And those properties may change for for different plans and different spaces.

StickyImmix

StickyImmix only has an ImmixSpace, and both young and mature objects are allocated into it. But each line either contains only young objects or only old objects, but not a mixture of them. The constraints can be summarized in the following table.

Metadata mark bits forwarding bits pinning bits unlog bits VO bits
When are they set? during GC during copying GC by mutator promoted/survived obj alloc
Observer GC GC GC mutator both
Persists across GC? to next minor no yes yes yes
When must it be observed as clean? before major GC before copying GC obj alloc obj alloc during mutator time
Where must it be observed as clean? whole space from-space free space free space where there's no object
Are stale bits OK to mutators? yes yes yes yes no

Let's look at those metadata one by one.

  • The mark bits are used as sticky bits to distinguish between young and old objects, and must persist from one GC to the next GC, unless the next GC is a major GC. And we don't know if the next GC is a major GC. Therefore, we must clear mark bits in the beginning of a major GC and there is no other choice.
  • The forwarding bits are used to synchronize between GC workers for copying. It is only needed for the from-space (i.e. where objects will be moved out. The problem is, the definition of "from-space" varies between major/minor GC. For StickyImmix, (1) during minor GCs, the nursery is the from-space, and (2) during major GCs, defrag sources are the from-space. So we need to ensure the forwarding bits are clean for at those times in those places.
  • The pinning bits are a per-object property. They are set by the mutator, and remain valid until the object dies. We only need to ensure that newly allocated objects have no pinning bits set.
  • The unlog bits are per-object, too. They are set when the object is promoted, and are refreshed when an object survives a GC, and they remain valid until and object dies. We just need to ensure newly allocated objects have no unlog bits set.
  • The VO bits are per-object, too. It has a unique property that it must be precise w.r.t. the live and death of objects. Not only do we need to ensure that allocatable lines do not contain stale VO bits, but we must clear VO bits for partially-occupied un-allocatable lines, too.

Given those constraints,

  • We must clear mark bits in the beginning of a major GC, and there is no other choice.
  • For forwarding bits, pinning bits and unlog bits, there are quite some flexibility about when and where to clear them.
    • We can clear forwarding bits in the beginning or the end of a GC, for the entire space. But doing so may be costly (measurement needed). In the current code base, we clear the forwarding bits in the end of a GC, for the from-space (defrag source for mature GC, or the entire space for nursery GC). This may be subject to optimization because clearing forwarding bits after every nursery GC for the entire space is costly.
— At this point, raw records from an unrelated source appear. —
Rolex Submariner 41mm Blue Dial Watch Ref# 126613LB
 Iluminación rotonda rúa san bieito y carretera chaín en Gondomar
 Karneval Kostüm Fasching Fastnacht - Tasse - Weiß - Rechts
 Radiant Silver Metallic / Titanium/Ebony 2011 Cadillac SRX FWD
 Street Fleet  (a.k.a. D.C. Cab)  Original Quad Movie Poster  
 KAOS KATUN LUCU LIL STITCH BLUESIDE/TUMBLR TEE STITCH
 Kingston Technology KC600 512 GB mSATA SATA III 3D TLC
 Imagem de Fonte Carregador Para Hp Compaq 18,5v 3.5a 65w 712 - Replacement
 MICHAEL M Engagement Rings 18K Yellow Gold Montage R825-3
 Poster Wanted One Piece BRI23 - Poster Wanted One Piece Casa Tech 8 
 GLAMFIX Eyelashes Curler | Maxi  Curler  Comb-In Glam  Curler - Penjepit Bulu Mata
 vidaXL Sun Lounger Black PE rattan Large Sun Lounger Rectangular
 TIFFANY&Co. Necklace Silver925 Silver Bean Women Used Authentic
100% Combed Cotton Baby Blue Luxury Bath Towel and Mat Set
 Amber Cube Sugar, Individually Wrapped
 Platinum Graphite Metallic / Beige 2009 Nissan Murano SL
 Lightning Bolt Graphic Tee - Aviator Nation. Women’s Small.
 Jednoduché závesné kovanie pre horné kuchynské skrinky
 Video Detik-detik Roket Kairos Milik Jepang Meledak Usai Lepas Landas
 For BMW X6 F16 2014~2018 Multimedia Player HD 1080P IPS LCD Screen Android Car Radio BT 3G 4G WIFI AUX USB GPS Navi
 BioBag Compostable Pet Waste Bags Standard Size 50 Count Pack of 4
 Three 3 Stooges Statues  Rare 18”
Currently we recommend using in-header forwarding bits, but the poor CRuby binding doesn't have spare bits in the header.
    • For pinning bits and unlog bits,
      • We just need to ensure they are 0 when an object is allocated. The possible time to clear the bits include (1) when a line is swept and becomes free, (2) when allocating a new object. We currently do the former.
      • But stale bits are OK when new objects cannot be allocated. So if a line is partially occupied, we don't need to clear stale bits in the line.
  • VO bits are tricky. We may reconstruct the VO bits during tracing, or copy over the on-the-side mark bits. The latter is faster. See Fix VO bits for Immix #849 for more details.

GenImmix

GenImmix is also generational, but we don't use mark bits as sticky bits. Young objects are never allocated into the ImmixSpace. And because GenImmix doesn't support pinning, the pin bits are useless for GenImmix.

For the CopySpace:

| Metadata | forwarding bits | VO bits |
|---|---|---|---|
| When are they set? | during copying GC | obj alloc |
| Observer | GC | both |
| Persists across GC? | no | yes |
| When must it be observed as clean? | before every GC |during mutator time |
| Where must it be observed as clean? | whole space |where there's no object |
| Are stale bits OK to mutators? | yes | no |

The CopySpace only has the forwarding bits and the VO bits (optional). The forwarding bits can be cleared at the end of a GC or at the beginning of a GC. It doesn't matter. In the current code base, we do bulk clearing at the end of a GC (if on the side).

For the ImmixSpace:

Metadata mark bits forwarding bits pinning bits unlog bits VO bits
When are they set? during GC during copying GC / allocated obj alloc
Observer GC GC / mutator both
Persists across GC? no no / yes yes
When must it be observed as clean? before major GC before copying GC / never during mutator time
Where must it be observed as clean? whole space from-space / nowhere where there's no object
Are stale bits OK to mutators? yes yes / yes no

It's mostly the same as StickyImmix, except that:

  • The mark bits are no longer used as the sticky bits, so it no longer persists through GC. We may clear the mark bits in the beginning or the end of a major GC. Currently we do it in the beginning so that it works for StickyImmix, too.
  • Because the ImmixSpace only holds mature objects, all objects in the ImmixSpace have unlog bits set when they are copied into the ImmixSpace. We currently set unlog bits when forwarding. Also because we never allocate young objects into the ImmixSpace, we never need to clear stale unlog bits.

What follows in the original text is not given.